Anciently, marks, some in the form of an X, were used for various purposes. (Compare 1 Samuel 21:13.) Among non-Israelites animals and even slaves were branded with a mark as an indication of ownership. In the case of humans, such property marks were placed on a conspicuous part of the body, such as the forehead. Worshipers of false gods at times identified themselves as such by having the mark of their deity on their forehead. However, Jehovah’s law to Israel prohibited disfiguring humans with marks. This served to counteract an idolatrous practices and taught due regard for God’s creation.—Lev. 19:28.
The Scriptures allude to marks made on humans and refer to these in a figurative sense. In Ezekiel’s vision a man with a recorder’s inkhorn was commissioned to go through Jerusalem and to ‘put a mark on those who were sighing and groaning over all the detestable things that were being done in the midst of it.’ This action on their part showed that they were righteous persons, servants belonging to God, and therefore worthy of preservation at the time for the execution of Jehovah’s judgment. The conspicuous mark upon their forehead testified to that fact.—Ezek. chap. 9; compare 2 Peter 2:6-8.

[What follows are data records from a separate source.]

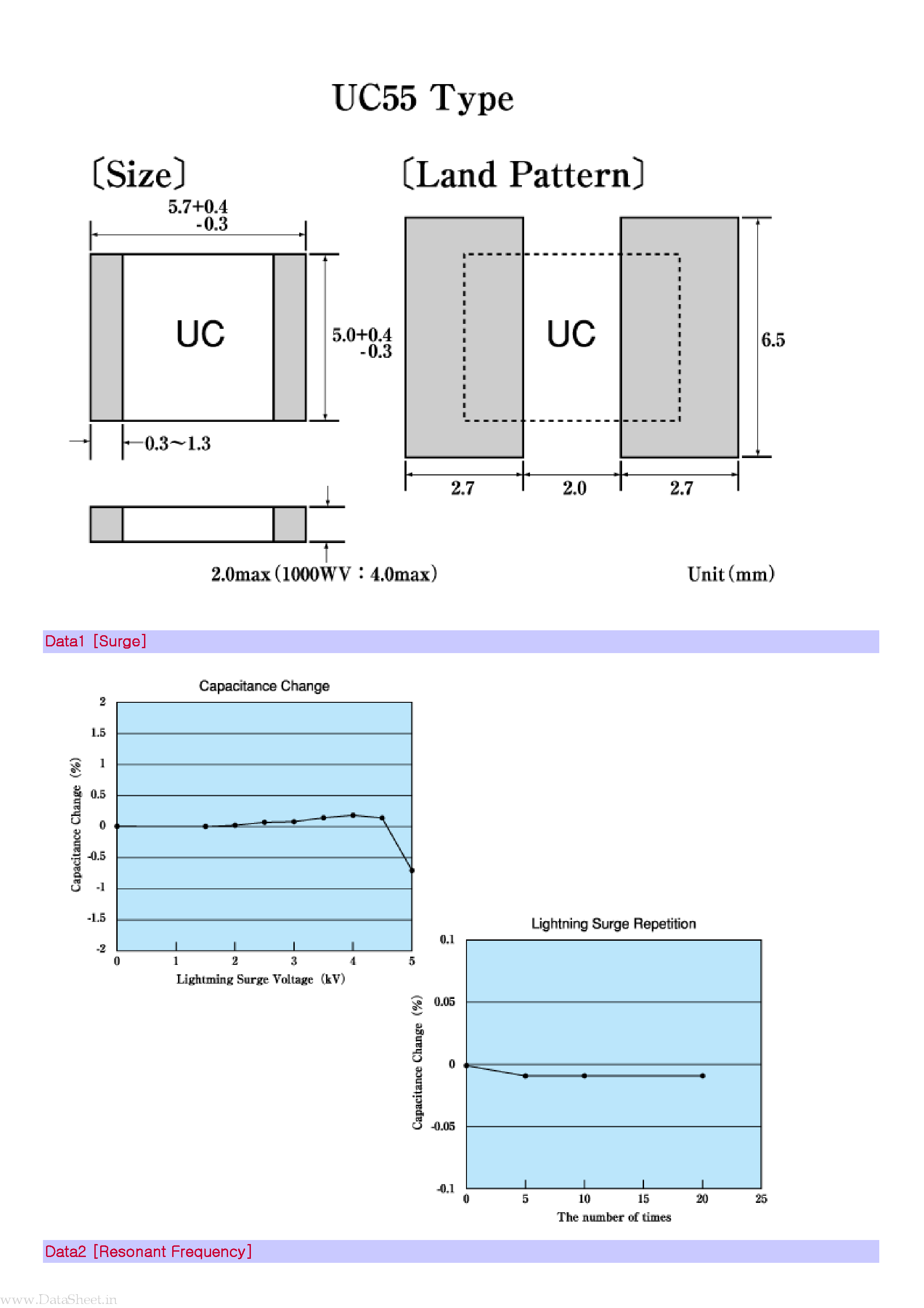 Datasheet UC55 - Chip Mica Capacitor 5.7x5 size page 2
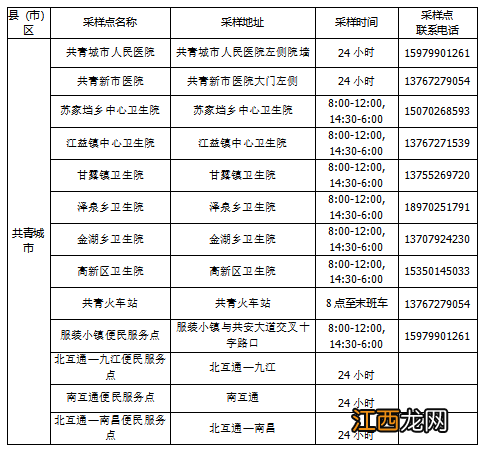 从南昌来九江共青城市需要做核酸吗 从南昌来九江共青城市需要做核酸吗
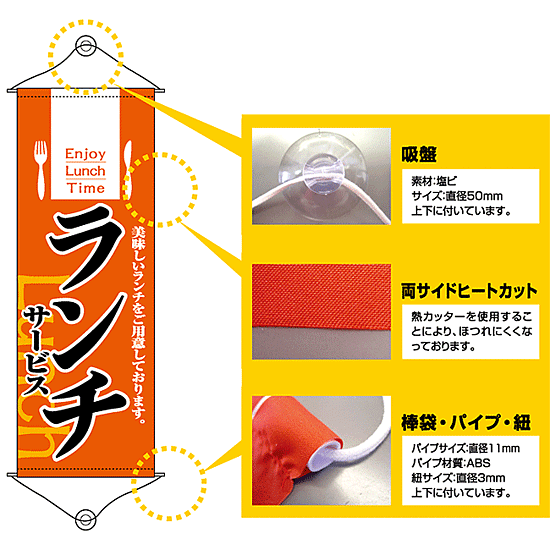 ■タペストリー詳細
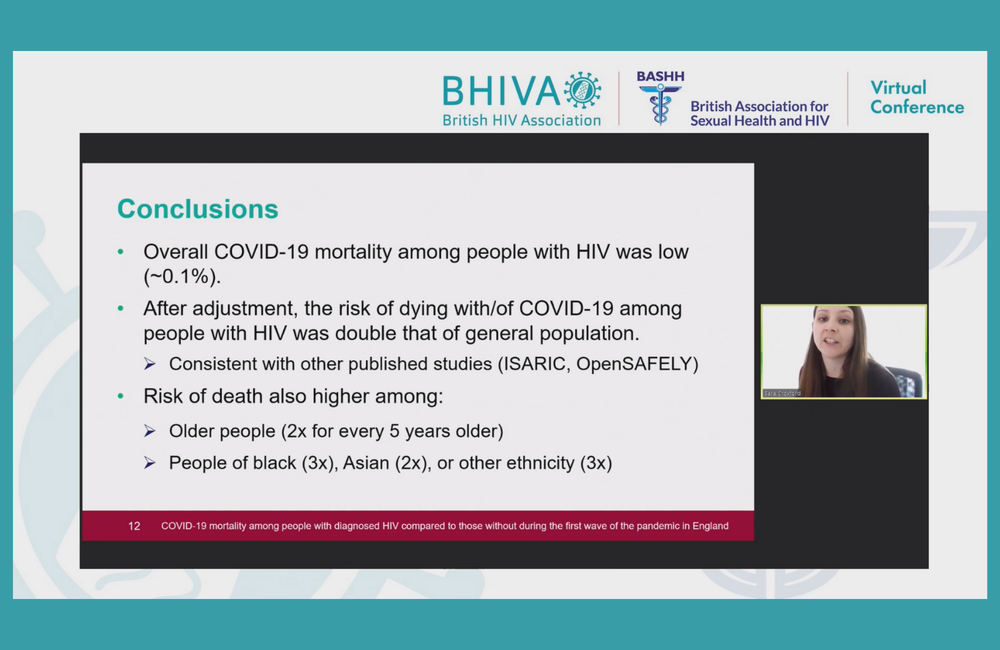 Risk of dying from COVID 19 doubled for people with HIV in England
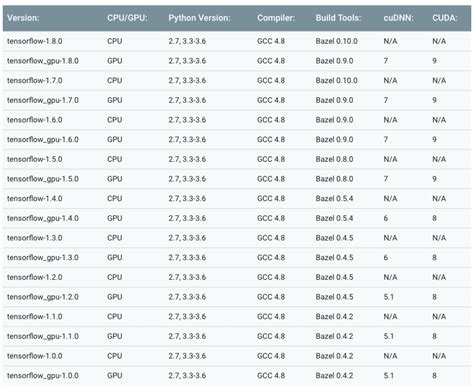 Install Gpu Version Tensorflow With Older Version Cuda And Cudnn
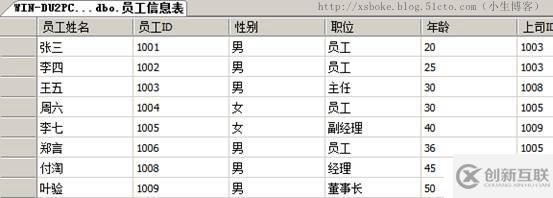 SQLserver運(yùn)維必備：T-SQL語句練習(xí)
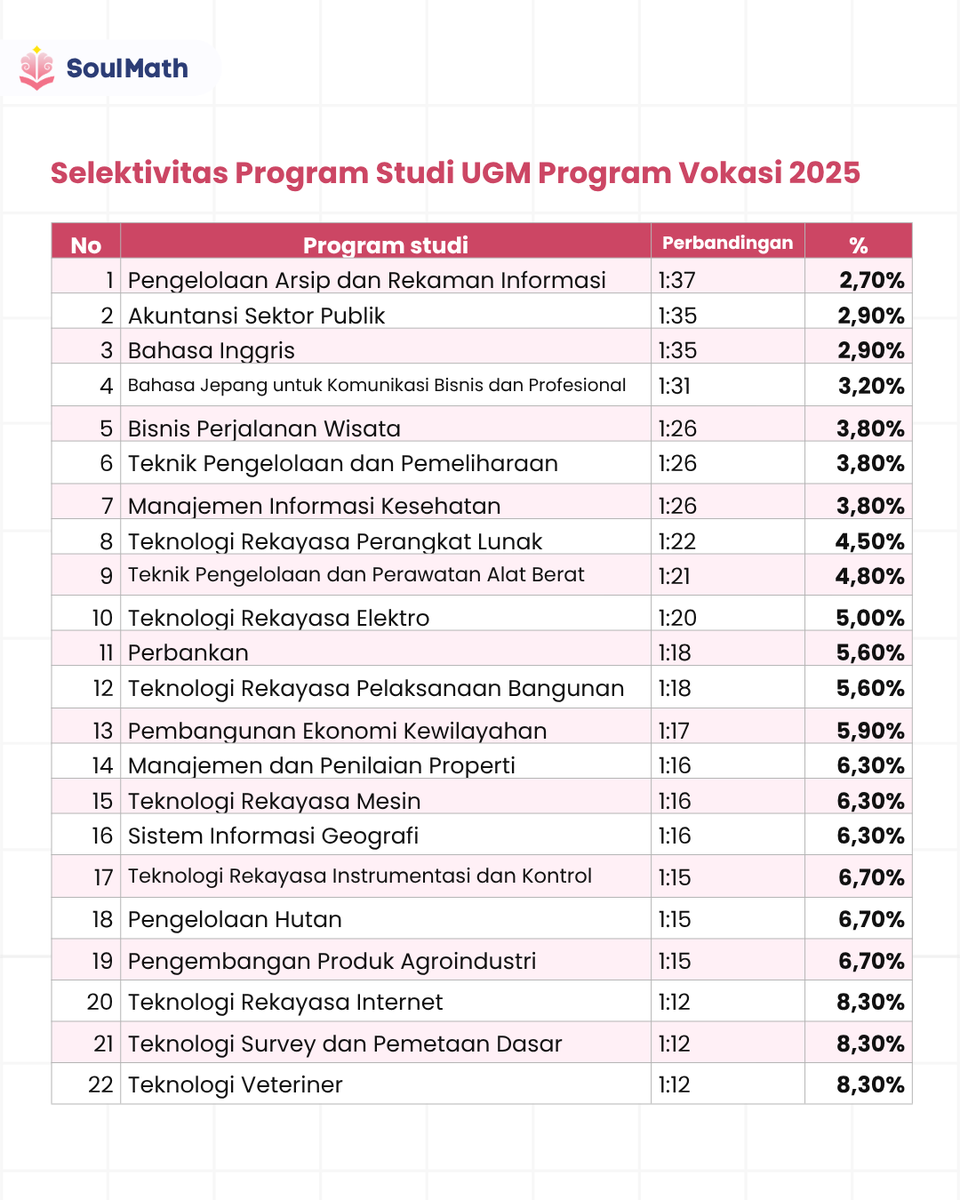 timsoulmath's tweet photo. Sedangkan untuk vokasi, paling ketat:
- Pengelolaan Arsip dan Rekaman Informasi
- Akuntansi Sektor Publik
- Bahasa Inggris https://t.co/G30aSLgtcE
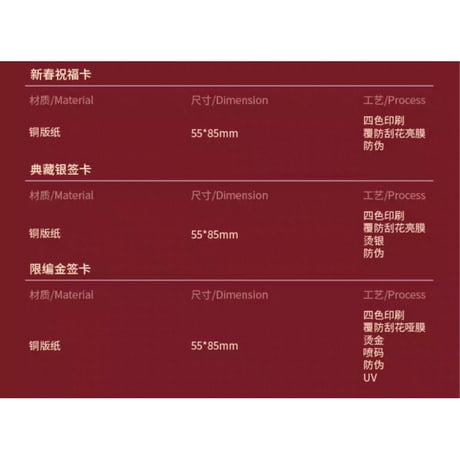 【 アウトレット品・他商品との同梱不可 】 王一博・代言人（乐华娱乐）★ 2025 新春限定 BOX《2025 新春限定礼盒（单盒）》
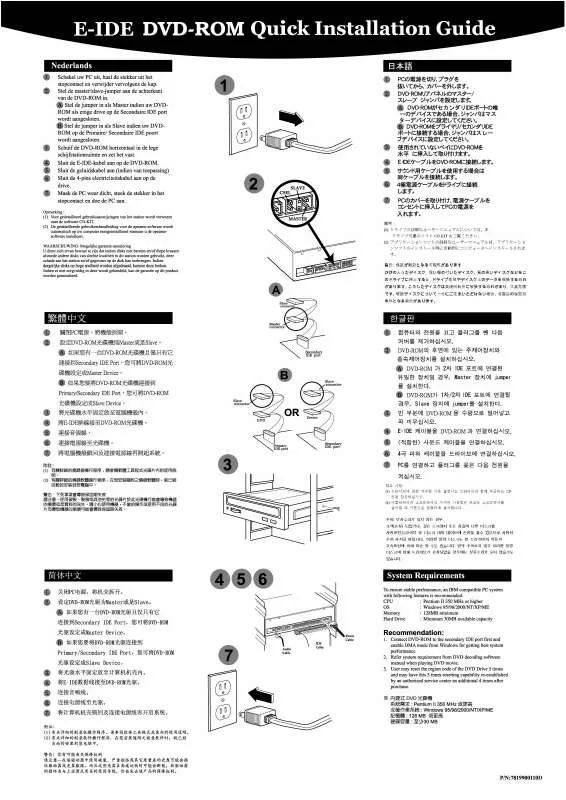 Mode d'emploi GIGABYTE GO-D1600C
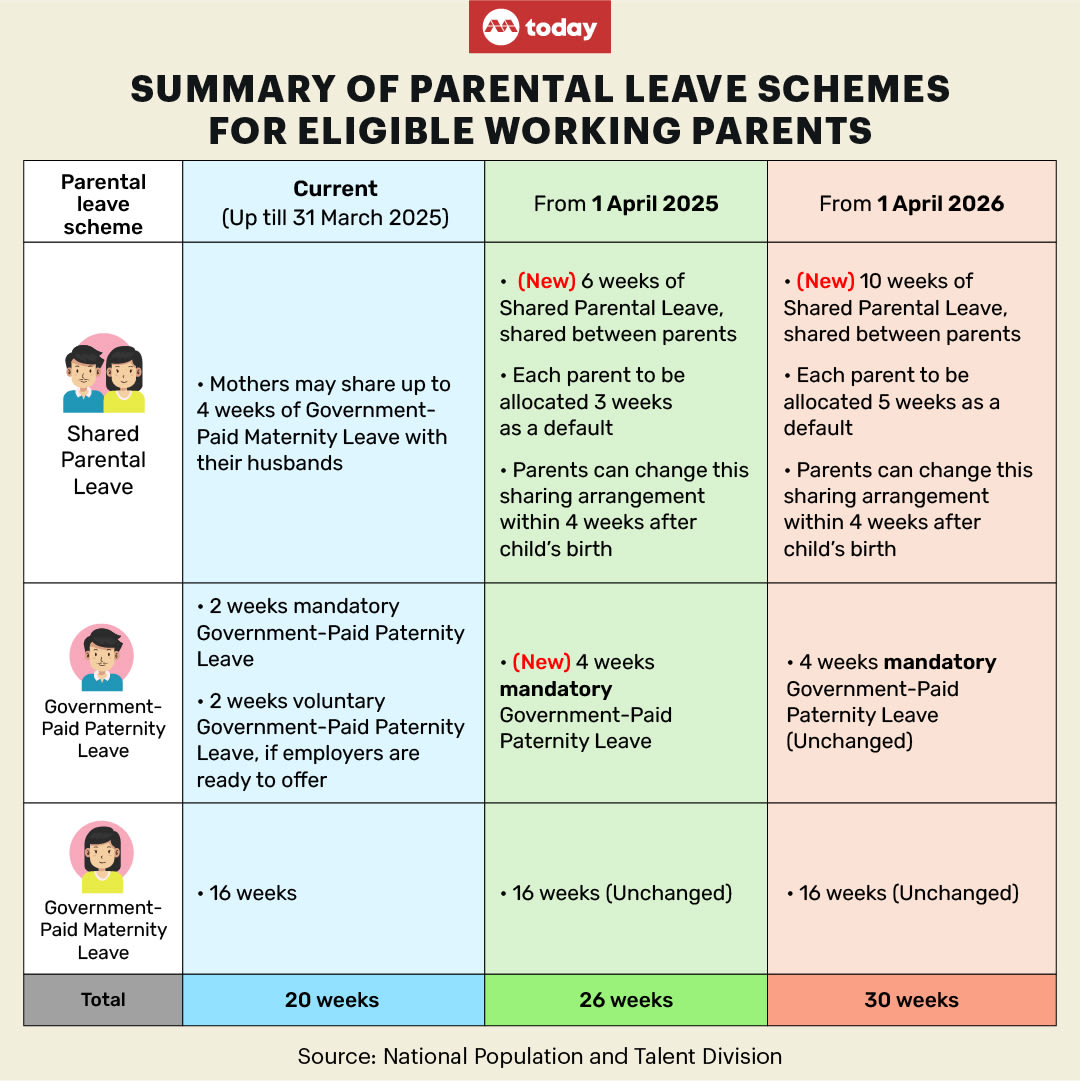 National Day Rally 2024 4 weeks of paternity leave to be mandatory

On the other hand, in John’s vision persons receiving the mark of the wild beast on their forehead and/or upon their hand were in line for destruction. The mark in the forehead publicly identified them as worshipers of the wild beast and therefore as slaves to it. They were thus shown to be opposers of God, for the wild beast received its authority from the dragon, Satan the Devil. The mark in the hand would logically signify active support of the wild beast, the hand being used to accomplish work.—Rev. 13:1, 2, 16-18; 14:9, 10; 16:1, 2; 20:4.